ACTIVITY:
The lines to retype run from the one containing "Platito mujer lunar" through the end of the listing below. Reproduce them exactly, leaving out pictures.

== RECORDS FOR THE TASK

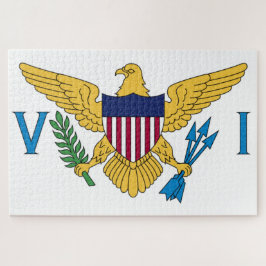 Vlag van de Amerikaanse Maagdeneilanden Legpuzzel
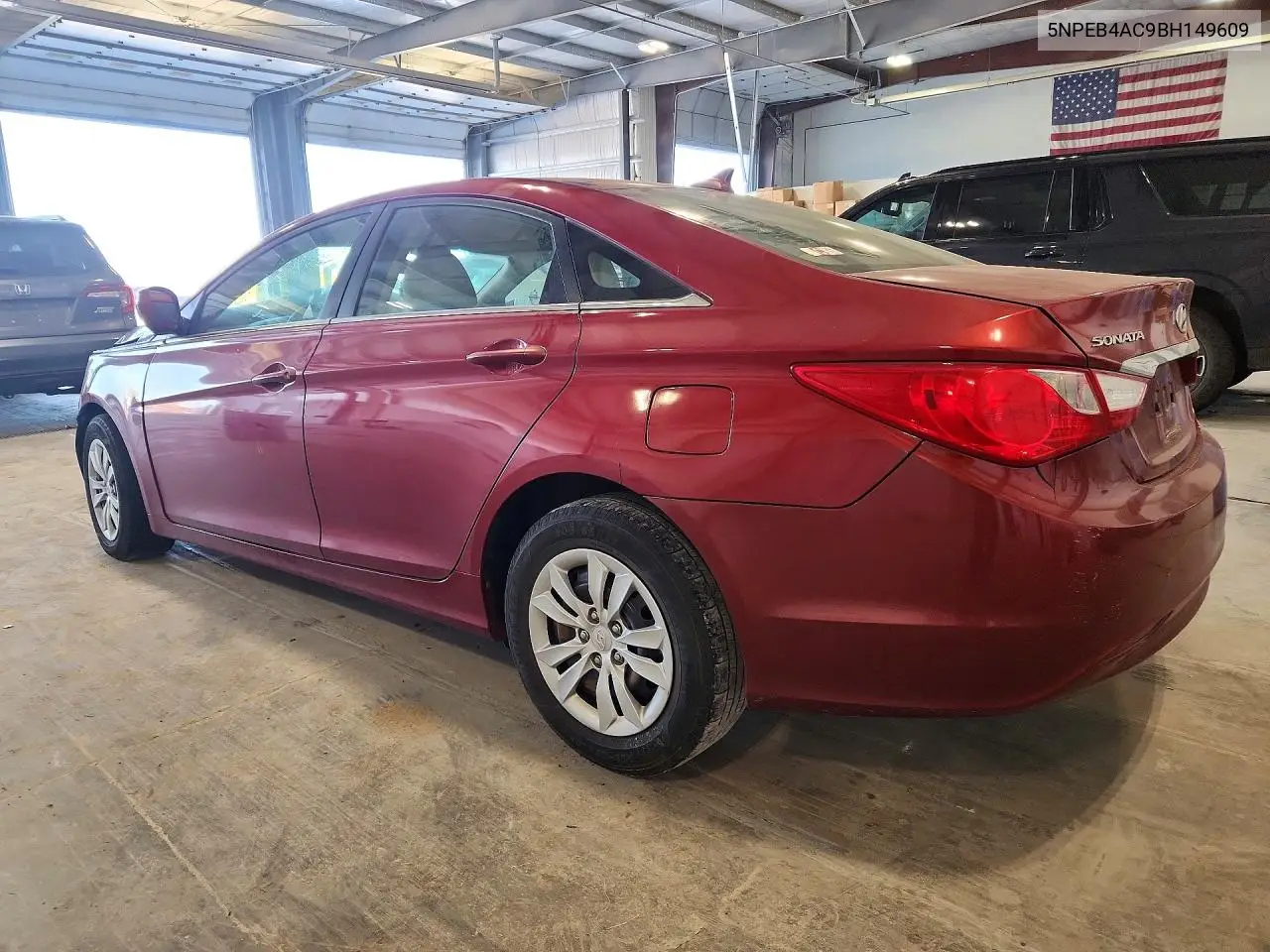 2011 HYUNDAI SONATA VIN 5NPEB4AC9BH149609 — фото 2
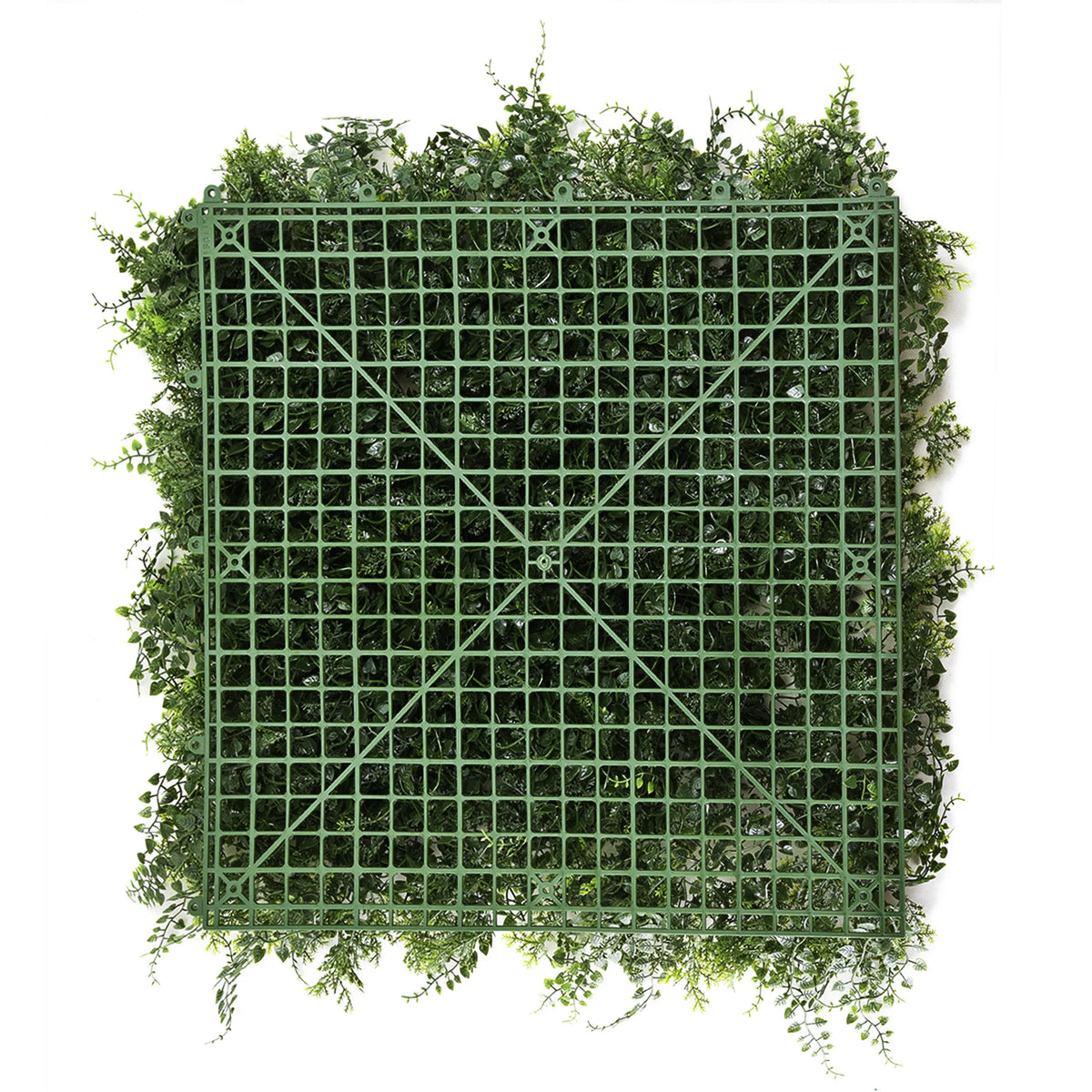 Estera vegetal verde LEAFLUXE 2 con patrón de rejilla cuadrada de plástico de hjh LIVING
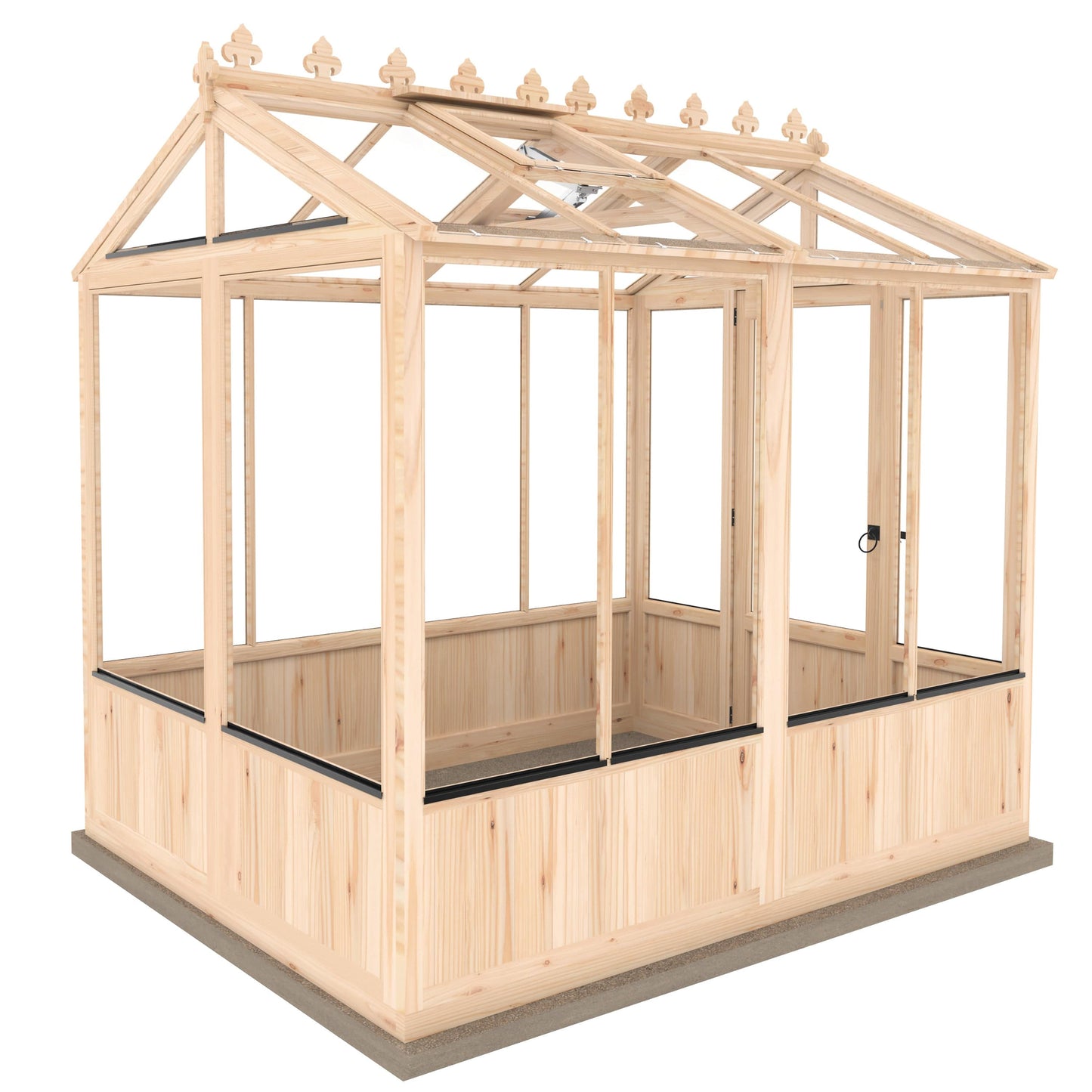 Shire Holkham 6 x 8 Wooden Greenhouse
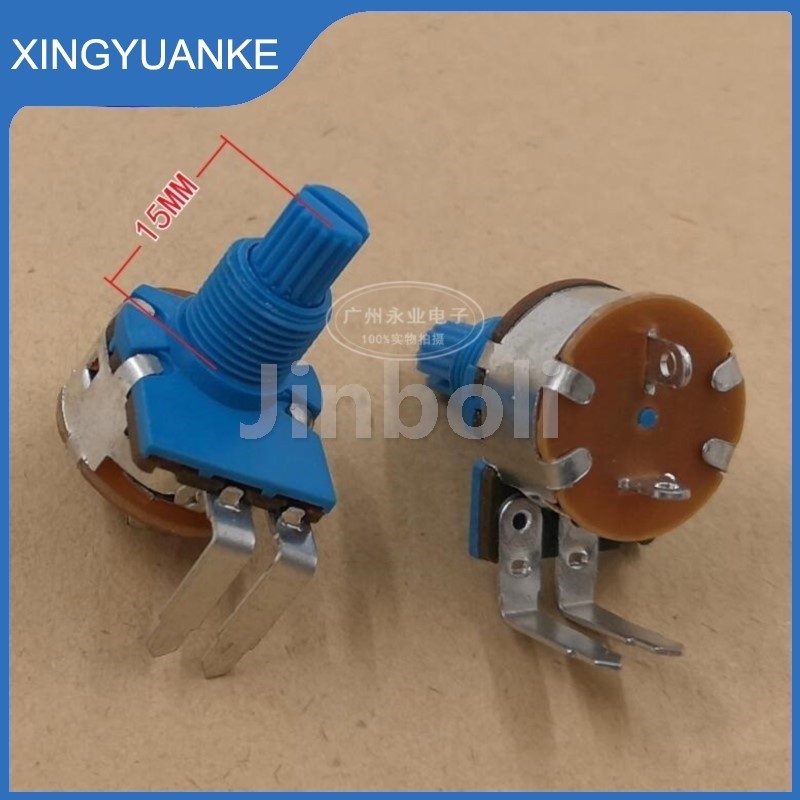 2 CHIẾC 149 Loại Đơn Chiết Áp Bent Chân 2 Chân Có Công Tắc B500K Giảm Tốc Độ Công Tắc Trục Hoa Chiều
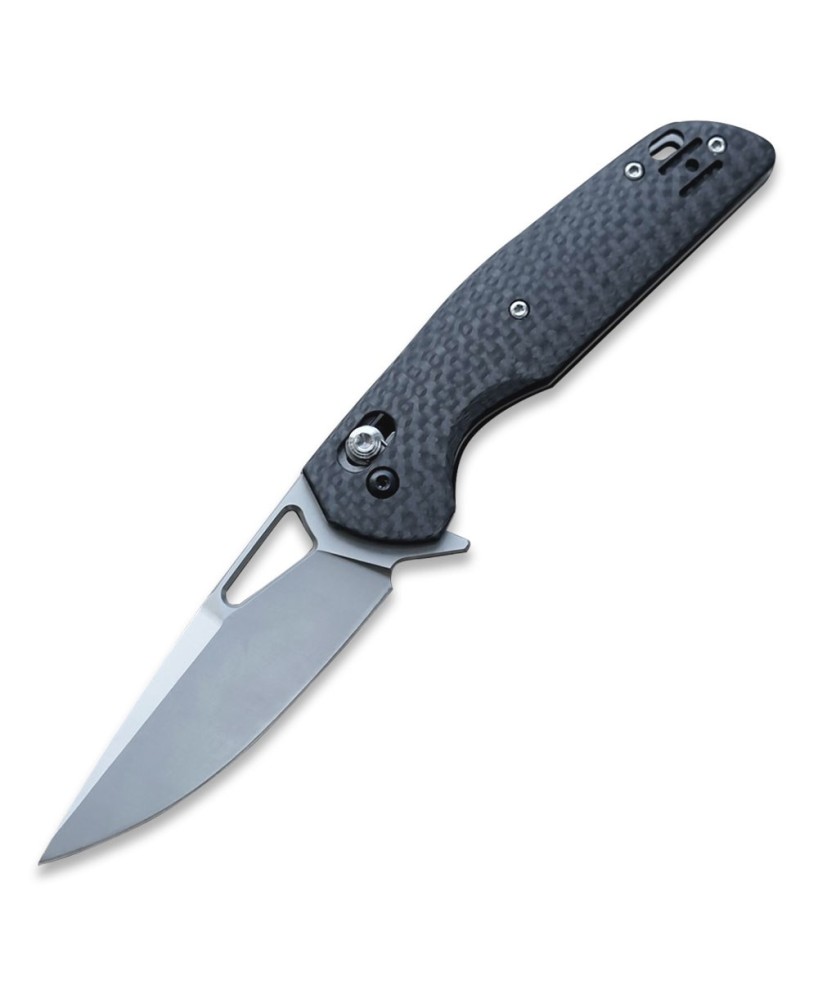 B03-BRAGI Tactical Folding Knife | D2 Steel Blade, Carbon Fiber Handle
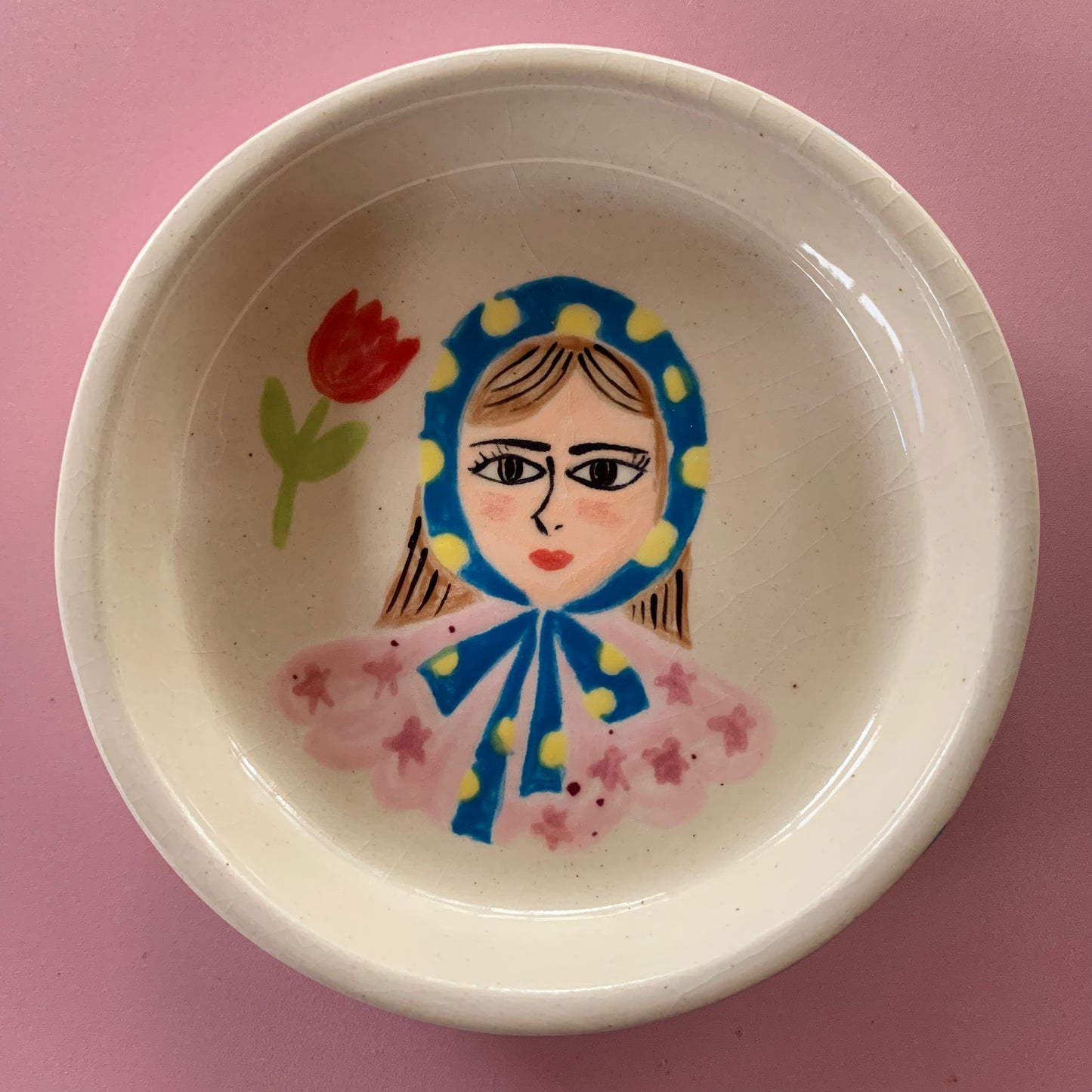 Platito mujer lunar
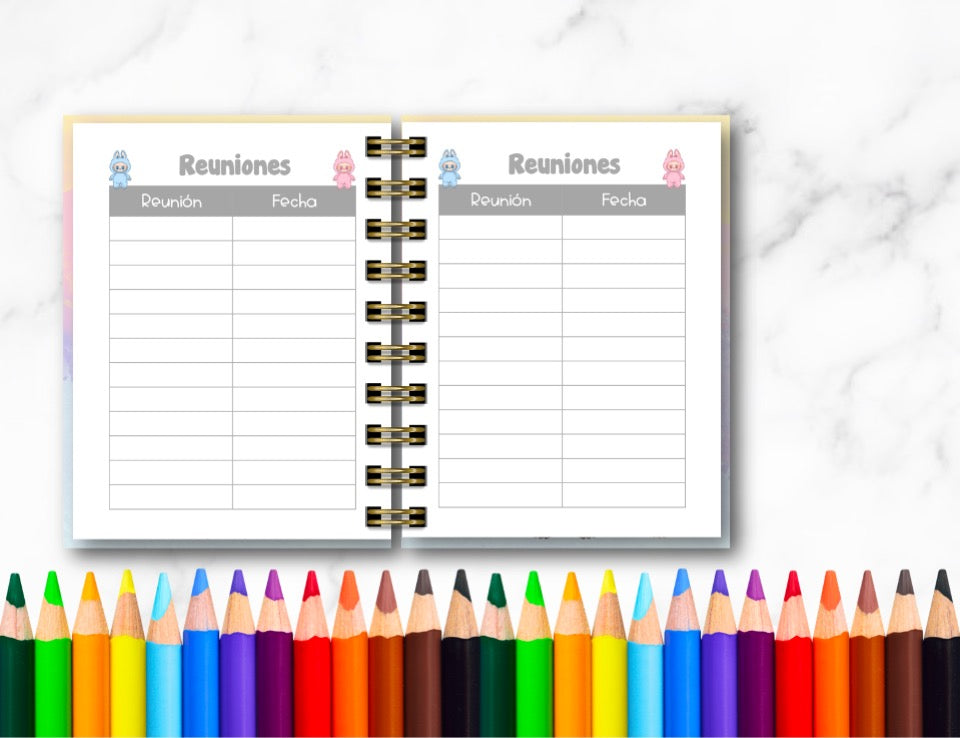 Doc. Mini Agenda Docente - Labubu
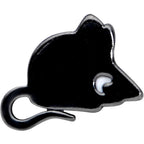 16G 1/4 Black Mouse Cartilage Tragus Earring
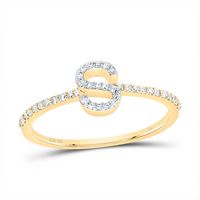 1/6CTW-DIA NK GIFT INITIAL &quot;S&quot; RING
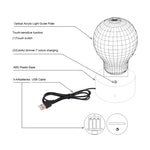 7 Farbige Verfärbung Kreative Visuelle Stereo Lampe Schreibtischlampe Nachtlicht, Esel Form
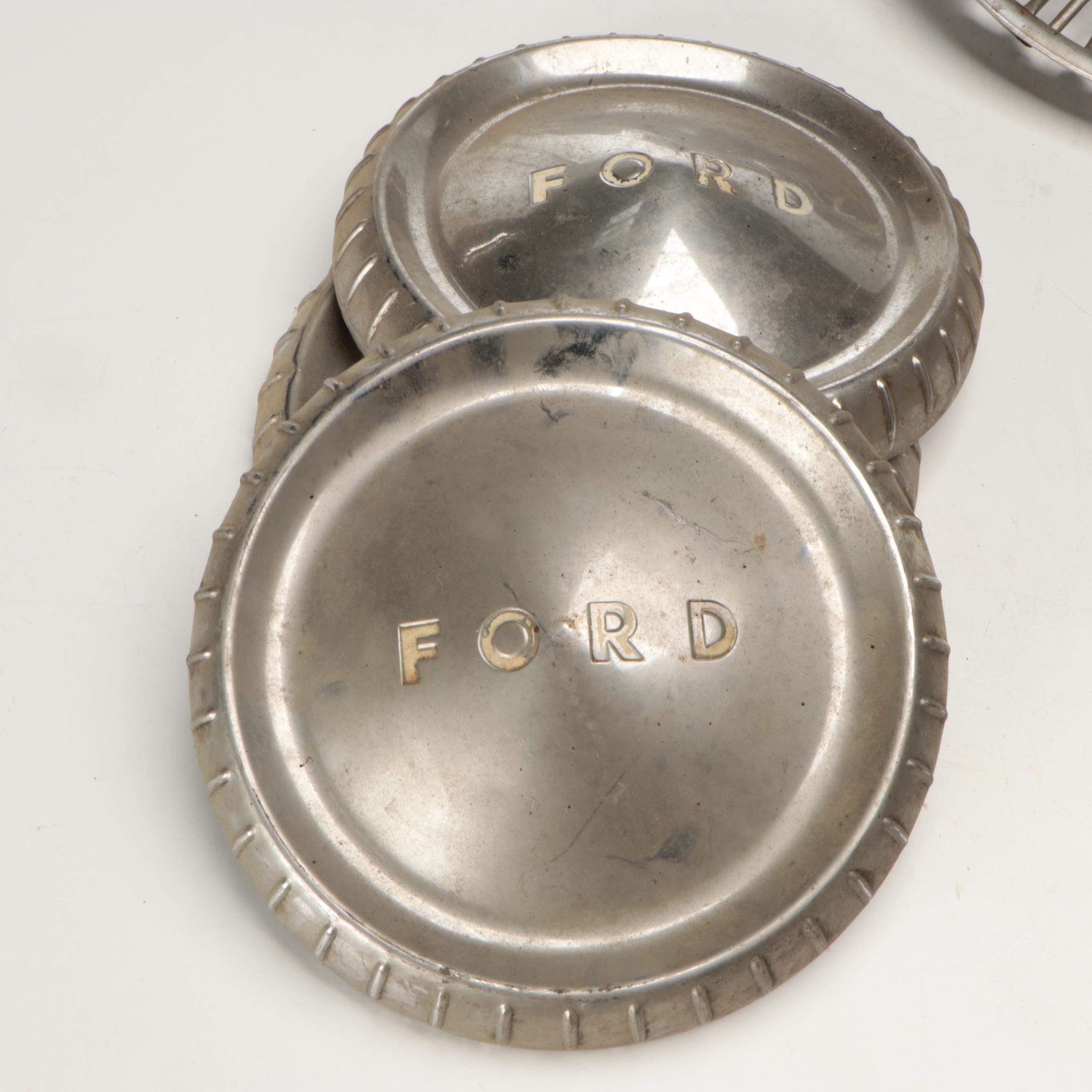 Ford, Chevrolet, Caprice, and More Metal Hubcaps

====

FINISHED TASK:
 Platito mujer lunar
 Doc. Mini Agenda Docente - Labubu
 16G 1/4 Black Mouse Cartilage Tragus Earring
 1/6CTW-DIA NK GIFT INITIAL &quot;S&quot; RING
 7 Farbige Verfärbung Kreative Visuelle Stereo Lampe Schreibtischlampe Nachtlicht, Esel Form
 Ford, Chevrolet, Caprice, and More Metal Hubcaps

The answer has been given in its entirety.